Pictures with short captions
-- -- --

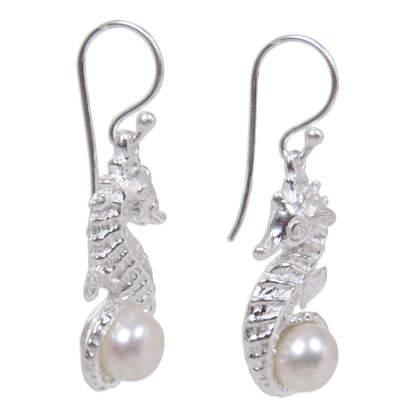 Sea Horse Treasure Earrings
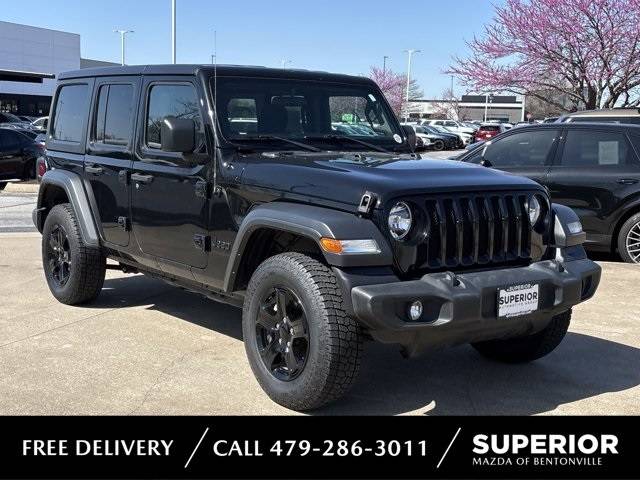 2023 Jeep Wrangler Sport S — SUV — 58,230 mi — Bentonville, AR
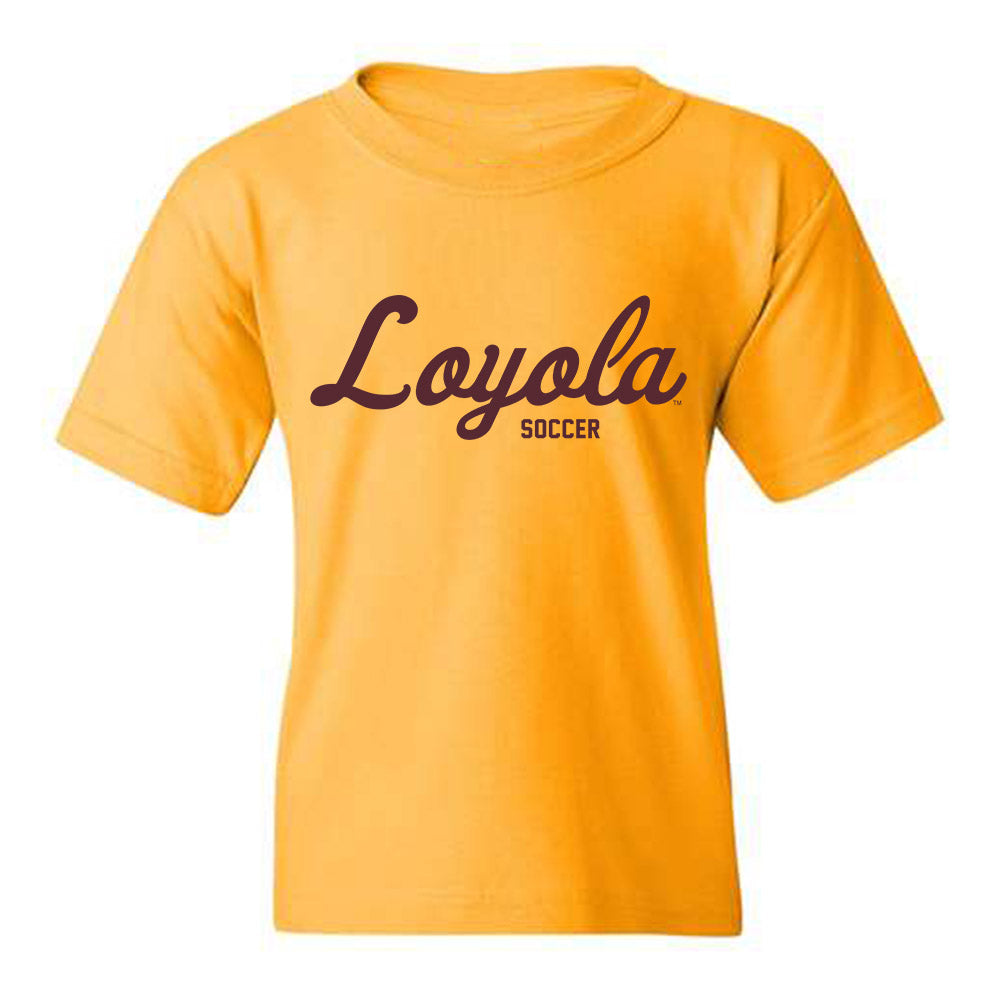 Loyola - NCAA Men's Soccer : Aidan Crawford - Classic Shersey Youth T-Shirt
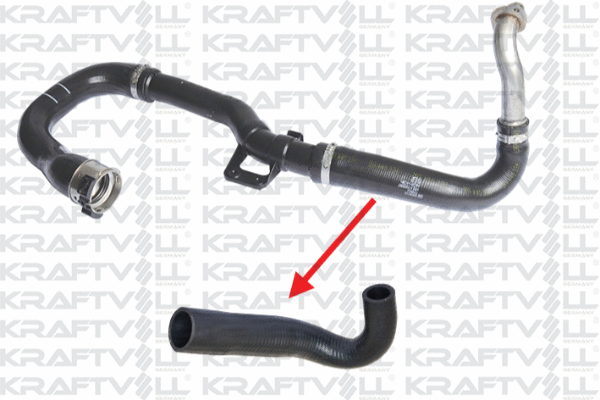 Gaine de suralimentation KRAFTVOLL GERMANY 10031764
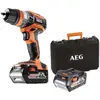 Image de Marteau perforateur AEG 18 V - 2 batteries 4,0 Ah - 1 chargeur BSB18C2X-402C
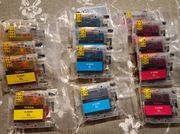 Nowe tusze XL Brother B-525 XL – komplet kolorów (15 sztuk)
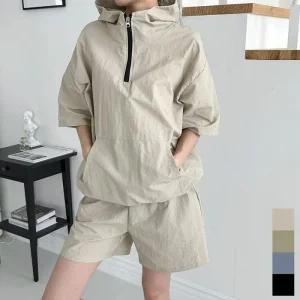 [아우트]상하의세트 세트 여름 트레이닝복 반팔세트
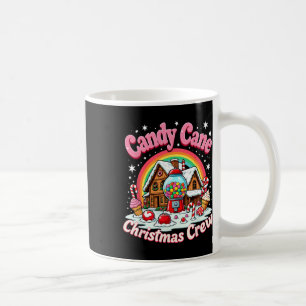 Mug Équipe de Noël Candy Cane House Sécurité des bonbo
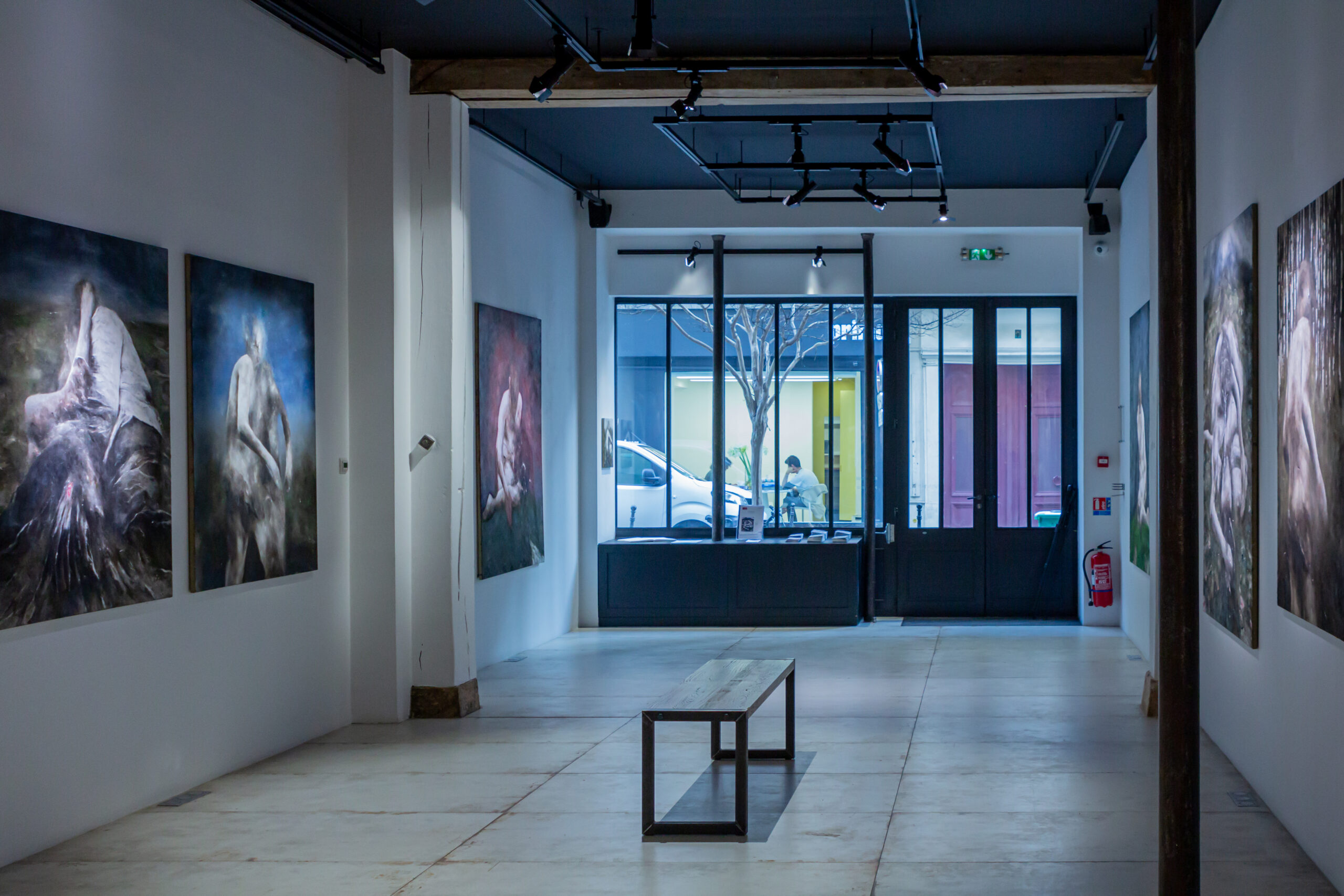 Vue de l'exposition - galerie Loo & Lou - 2025 | © Aurea Calcavecchia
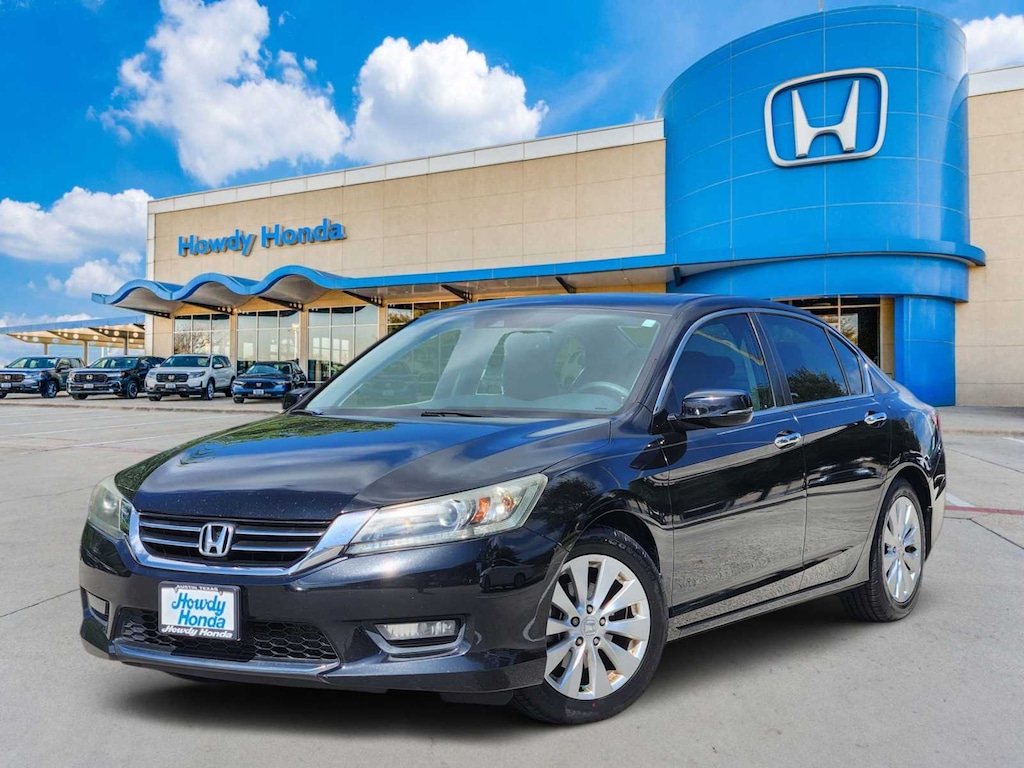 Used 2015 Honda Accord EX-L Sedan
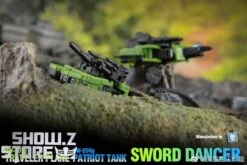 Dr.Wu Sword Dancer Slamdance DW-E07G Traveler Plane Raindance & DW-E08G Patriot Tank Grandslam Set Of 2 Green Version -MECHA REALM STORE bac47ce664
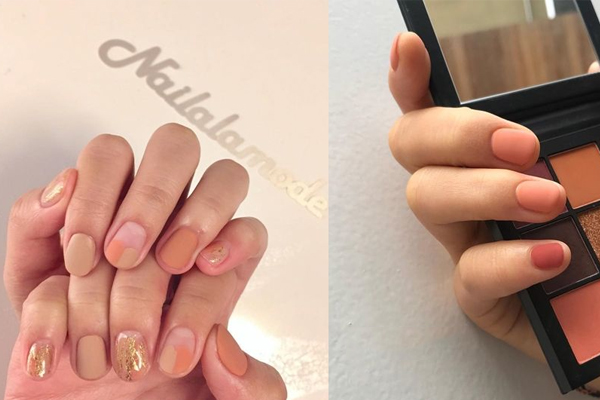 珊瑚橘色美甲圖片 10款百搭顯白珊瑚橘色美甲 珊瑚橘色美甲圖片 10款百搭顯白珊瑚橘色美甲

-- -- --

* [Exercise description]:
Please write out the lines above exactly, from the one that contains "[아우트]상하의세트 세트 여름 트레이닝복 반팔세트" through the final line, and include none of the pictures.

* [Final answer]:
 [아우트]상하의세트 세트 여름 트레이닝복 반팔세트
 Mug Équipe de Noël Candy Cane House Sécurité des bonbo
 Vue de l'exposition - galerie Loo & Lou - 2025 | © Aurea Calcavecchia
 Used 2015 Honda Accord EX-L Sedan
 Dr.Wu Sword Dancer Slamdance DW-E07G Traveler Plane Raindance & DW-E08G Patriot Tank Grandslam Set Of 2 Green Version -MECHA REALM STORE bac47ce664
 珊瑚橘色美甲圖片 10款百搭顯白珊瑚橘色美甲 珊瑚橘色美甲圖片 10款百搭顯白珊瑚橘色美甲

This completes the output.